Description of the task:
State the number of lines in the records that contain "PIPS", with no other words.

Input material:
————————

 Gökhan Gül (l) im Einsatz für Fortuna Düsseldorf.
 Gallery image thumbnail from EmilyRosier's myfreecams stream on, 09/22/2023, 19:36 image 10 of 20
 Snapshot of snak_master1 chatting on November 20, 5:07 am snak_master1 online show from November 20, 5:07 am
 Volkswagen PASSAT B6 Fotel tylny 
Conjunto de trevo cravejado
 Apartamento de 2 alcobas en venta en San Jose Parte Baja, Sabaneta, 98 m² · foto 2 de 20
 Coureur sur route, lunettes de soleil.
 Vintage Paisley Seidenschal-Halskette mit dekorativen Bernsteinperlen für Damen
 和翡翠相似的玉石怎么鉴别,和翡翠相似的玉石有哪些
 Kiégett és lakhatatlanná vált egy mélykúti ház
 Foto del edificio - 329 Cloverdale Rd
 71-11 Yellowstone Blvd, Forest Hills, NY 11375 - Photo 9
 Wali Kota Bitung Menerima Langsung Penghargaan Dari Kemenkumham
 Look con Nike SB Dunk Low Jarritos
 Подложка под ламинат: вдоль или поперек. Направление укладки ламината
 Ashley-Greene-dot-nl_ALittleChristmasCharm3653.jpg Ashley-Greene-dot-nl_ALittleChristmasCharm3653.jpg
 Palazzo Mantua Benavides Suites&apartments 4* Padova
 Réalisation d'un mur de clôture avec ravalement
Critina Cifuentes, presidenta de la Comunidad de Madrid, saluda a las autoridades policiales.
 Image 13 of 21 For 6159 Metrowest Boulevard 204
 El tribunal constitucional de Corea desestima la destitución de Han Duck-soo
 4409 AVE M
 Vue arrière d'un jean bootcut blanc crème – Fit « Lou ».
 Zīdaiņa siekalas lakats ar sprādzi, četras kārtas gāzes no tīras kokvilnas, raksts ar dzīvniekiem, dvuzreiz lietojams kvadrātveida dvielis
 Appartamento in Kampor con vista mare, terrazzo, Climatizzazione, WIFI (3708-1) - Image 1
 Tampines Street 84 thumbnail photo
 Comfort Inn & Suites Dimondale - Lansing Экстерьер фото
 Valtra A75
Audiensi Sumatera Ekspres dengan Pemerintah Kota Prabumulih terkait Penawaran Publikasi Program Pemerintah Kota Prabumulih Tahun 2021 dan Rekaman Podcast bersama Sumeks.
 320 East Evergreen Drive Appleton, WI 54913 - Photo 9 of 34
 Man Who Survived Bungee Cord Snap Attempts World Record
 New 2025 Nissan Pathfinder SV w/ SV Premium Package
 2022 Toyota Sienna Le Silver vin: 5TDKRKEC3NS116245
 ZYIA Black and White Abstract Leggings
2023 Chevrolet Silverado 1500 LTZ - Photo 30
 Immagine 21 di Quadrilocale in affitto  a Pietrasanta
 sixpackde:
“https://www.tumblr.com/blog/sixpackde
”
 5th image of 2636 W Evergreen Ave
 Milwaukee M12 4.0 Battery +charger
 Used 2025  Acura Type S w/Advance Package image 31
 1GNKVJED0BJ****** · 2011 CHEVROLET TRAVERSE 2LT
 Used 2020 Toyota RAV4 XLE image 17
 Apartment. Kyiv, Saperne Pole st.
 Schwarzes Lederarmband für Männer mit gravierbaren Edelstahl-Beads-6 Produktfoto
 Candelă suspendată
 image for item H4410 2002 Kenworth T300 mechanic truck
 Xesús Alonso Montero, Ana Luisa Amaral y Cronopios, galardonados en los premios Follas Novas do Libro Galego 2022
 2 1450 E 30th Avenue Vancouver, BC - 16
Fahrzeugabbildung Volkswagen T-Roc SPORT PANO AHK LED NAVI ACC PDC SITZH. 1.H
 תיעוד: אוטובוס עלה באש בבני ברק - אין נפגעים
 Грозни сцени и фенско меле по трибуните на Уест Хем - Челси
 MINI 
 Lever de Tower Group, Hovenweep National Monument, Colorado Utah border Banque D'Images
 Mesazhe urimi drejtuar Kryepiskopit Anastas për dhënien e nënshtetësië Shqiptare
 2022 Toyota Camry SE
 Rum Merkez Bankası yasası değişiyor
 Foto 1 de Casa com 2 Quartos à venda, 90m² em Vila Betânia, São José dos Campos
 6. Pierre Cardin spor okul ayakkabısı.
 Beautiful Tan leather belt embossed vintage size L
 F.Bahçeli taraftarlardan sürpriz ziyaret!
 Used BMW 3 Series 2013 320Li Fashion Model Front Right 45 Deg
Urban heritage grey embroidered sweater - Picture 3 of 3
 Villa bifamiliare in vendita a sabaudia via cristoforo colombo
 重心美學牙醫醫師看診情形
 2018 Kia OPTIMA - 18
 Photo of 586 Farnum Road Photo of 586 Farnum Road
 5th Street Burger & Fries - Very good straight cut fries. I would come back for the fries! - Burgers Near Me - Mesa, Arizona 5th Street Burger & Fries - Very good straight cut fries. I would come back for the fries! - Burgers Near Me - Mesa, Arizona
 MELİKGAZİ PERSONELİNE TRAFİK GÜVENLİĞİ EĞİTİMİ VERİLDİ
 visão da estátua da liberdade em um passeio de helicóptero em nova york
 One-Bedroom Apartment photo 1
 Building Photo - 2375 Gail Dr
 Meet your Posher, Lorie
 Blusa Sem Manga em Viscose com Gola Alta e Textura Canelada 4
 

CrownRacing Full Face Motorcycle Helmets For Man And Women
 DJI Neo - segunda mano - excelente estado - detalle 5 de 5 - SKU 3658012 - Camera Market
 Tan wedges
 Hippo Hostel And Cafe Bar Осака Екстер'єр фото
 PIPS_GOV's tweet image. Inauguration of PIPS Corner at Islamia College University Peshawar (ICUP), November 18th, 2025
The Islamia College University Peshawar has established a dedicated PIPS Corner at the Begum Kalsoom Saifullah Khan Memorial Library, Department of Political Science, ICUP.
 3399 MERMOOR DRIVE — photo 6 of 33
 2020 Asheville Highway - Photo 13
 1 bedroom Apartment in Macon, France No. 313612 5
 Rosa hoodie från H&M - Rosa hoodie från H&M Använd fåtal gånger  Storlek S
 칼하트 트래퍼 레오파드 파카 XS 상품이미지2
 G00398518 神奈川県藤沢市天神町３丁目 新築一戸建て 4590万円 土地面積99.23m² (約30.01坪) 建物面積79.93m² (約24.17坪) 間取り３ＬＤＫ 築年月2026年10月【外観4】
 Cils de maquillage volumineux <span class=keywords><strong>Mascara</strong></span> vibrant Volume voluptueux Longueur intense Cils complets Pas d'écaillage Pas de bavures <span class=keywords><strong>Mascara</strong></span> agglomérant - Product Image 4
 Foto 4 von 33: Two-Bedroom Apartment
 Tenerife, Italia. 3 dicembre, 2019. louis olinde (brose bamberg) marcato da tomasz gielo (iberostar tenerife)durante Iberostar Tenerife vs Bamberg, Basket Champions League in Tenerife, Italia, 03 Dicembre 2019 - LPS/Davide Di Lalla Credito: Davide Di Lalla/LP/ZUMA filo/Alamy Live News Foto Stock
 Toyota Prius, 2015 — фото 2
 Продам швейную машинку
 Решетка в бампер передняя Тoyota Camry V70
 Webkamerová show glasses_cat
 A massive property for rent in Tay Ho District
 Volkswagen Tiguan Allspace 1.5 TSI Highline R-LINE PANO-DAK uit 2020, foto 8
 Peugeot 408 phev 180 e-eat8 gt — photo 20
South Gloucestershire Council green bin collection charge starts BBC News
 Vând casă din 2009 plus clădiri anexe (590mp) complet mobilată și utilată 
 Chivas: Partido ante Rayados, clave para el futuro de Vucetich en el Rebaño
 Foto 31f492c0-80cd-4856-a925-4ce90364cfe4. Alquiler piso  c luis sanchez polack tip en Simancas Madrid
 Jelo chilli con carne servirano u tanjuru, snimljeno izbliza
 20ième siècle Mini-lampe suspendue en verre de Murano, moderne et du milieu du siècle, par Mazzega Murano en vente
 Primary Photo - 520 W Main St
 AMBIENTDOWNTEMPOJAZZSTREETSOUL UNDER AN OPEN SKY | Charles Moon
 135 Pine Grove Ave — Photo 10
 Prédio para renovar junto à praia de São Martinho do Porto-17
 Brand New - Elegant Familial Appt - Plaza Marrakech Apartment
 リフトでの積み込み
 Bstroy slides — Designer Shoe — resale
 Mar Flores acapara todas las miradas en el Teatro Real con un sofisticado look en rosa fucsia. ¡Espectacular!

————————

Answer below:
2